Re: [PATCH 7.2 v2 02/12] mm/khugepaged: add folio dirty check after try_to_unmap_flush()

From: Zi Yan

Date: Tue Apr 14 2026 - 11:56:32 EST

On 14 Apr 2026, at 6:38, David Hildenbrand (Arm) wrote:

> On 4/13/26 21:20, Zi Yan wrote:
>> This check ensures the correctness of collapse read-only THPs for FSes
>> after READ_ONLY_THP_FOR_FS is enabled by default for all FSes supporting
>> PMD THP pagecache.
>>
>> READ_ONLY_THP_FOR_FS only supports read-only fd and uses mapping->nr_thps
>> and inode->i_writecount to prevent any write to read-only to-be-collapsed
>> folios. In upcoming commits, READ_ONLY_THP_FOR_FS will be removed and the
>> aforementioned mechanism will go away too. To ensure khugepaged functions
>> as expected after the changes, rollback if any folio is dirty after
>> try_to_unmap_flush() to , since a dirty folio means this read-only folio
>> got some writes via mmap can happen between try_to_unmap() and
>> try_to_unmap_flush() via cached TLB entries and khugepaged does not support
>> collapse writable pagecache folios.
>>
>> Signed-off-by: Zi Yan <ziy@xxxxxxxxxx>
>> ---
>> mm/khugepaged.c | 18 ++++++++++++++++++
>> 1 file changed, 18 insertions(+)
>>
>> diff --git a/mm/khugepaged.c b/mm/khugepaged.c
>> index d2f0acd2dac2..ec609e53082e 100644
>> --- a/mm/khugepaged.c
>> +++ b/mm/khugepaged.c
>> @@ -2121,6 +2121,24 @@ static enum scan_result collapse_file(struct mm_struct *mm, unsigned long addr,
>> */
>> try_to_unmap_flush();
>>
>> + /*
>> + * At this point, all folios are locked, unmapped, and all cached
>> + * mappings in TLBs are flushed.
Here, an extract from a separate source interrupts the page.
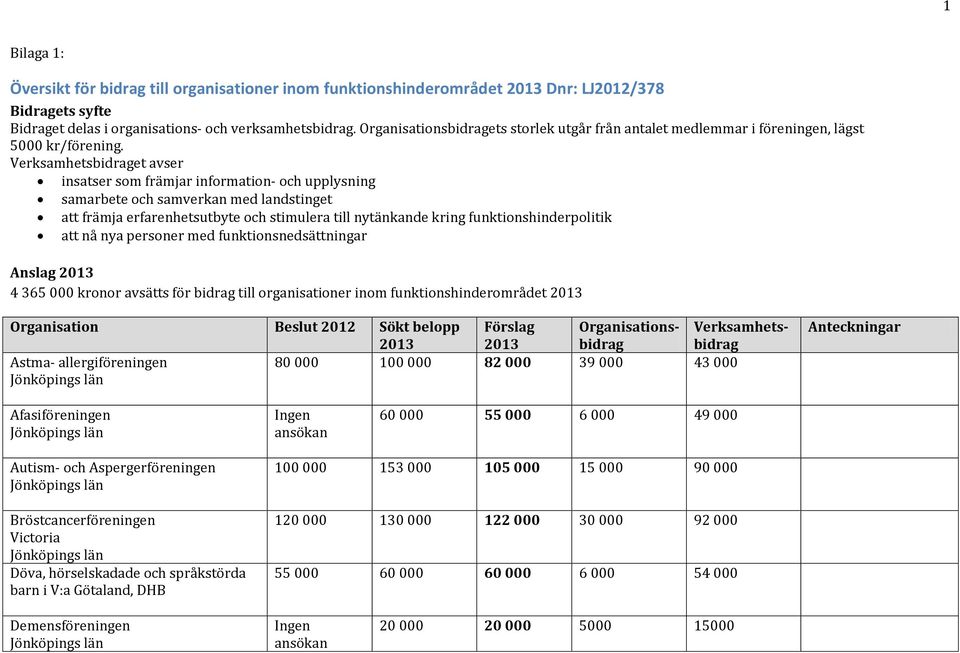 Verksamhetsbidraget avser insatser som främjar information- och upplysning samarbete och samverkan med landstinget att främja erfarenhetsutbyte och stimulera till nytänkande kring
No one else is able to write to these
>> + * folios, since
>> + * 1. writes via FS ops require folio locks (see write_begin_get_folio());
>> + * 2. writes via mmap require taking a fault and locking folio locks.
>> + *
>
> maybe simplify to "folios, since that would require taking the folio lock first."

Sure.

>
>> + * khugepaged only works for read-only fd, make sure all folios are
>> + * clean, since writes via mmap can happen between try_to_unmap() and
>> + * try_to_unmap_flush() via cached TLB entries.
>
>
> IIRC, after successful try_to_unmap() the PTE dirty bit would be synced to the
> folio. That's what you care about, not about any stale TLB entries.

Right. I missed the PTE dirty bit to folio dirtiness part.

>
> The important part is that the
>
> So can't we simply test for dirty folios after the refcount check (where
> we made sure the folio is no longer mapped)?
>

I think so.

>
> diff --git a/mm/khugepaged.c b/mm/khugepaged.c
> index b2ac28ddd480..920e16067134 100644
> --- a/mm/khugepaged.c
> +++ b/mm/khugepaged.c
> @@ -2089,6 +2089,14 @@ static enum scan_result collapse_file(struct mm_struct *mm, unsigned long addr,
> goto out_unlock;
> }
>
> + /* ... */
> + if (!is_shmem && folio_test_dirty(folio)) {
> + result = SCAN_PAGE_DIRTY_OR_WRITEBACK;
> + xas_unlock_irq(&xas);
> + folio_putback_lru(folio);
> + goto out_unlock;
> + }
> +
> /*
> * Accumulate the folios that are being collapsed.
>
>
> I guess we don't have to recheck folio_test_writeback() ?

Right, writeback needs to take folio lock and we are holding it, so
others can only dirty the folio but are not able to initiate write backs.

Best Regards,
Yan, Zi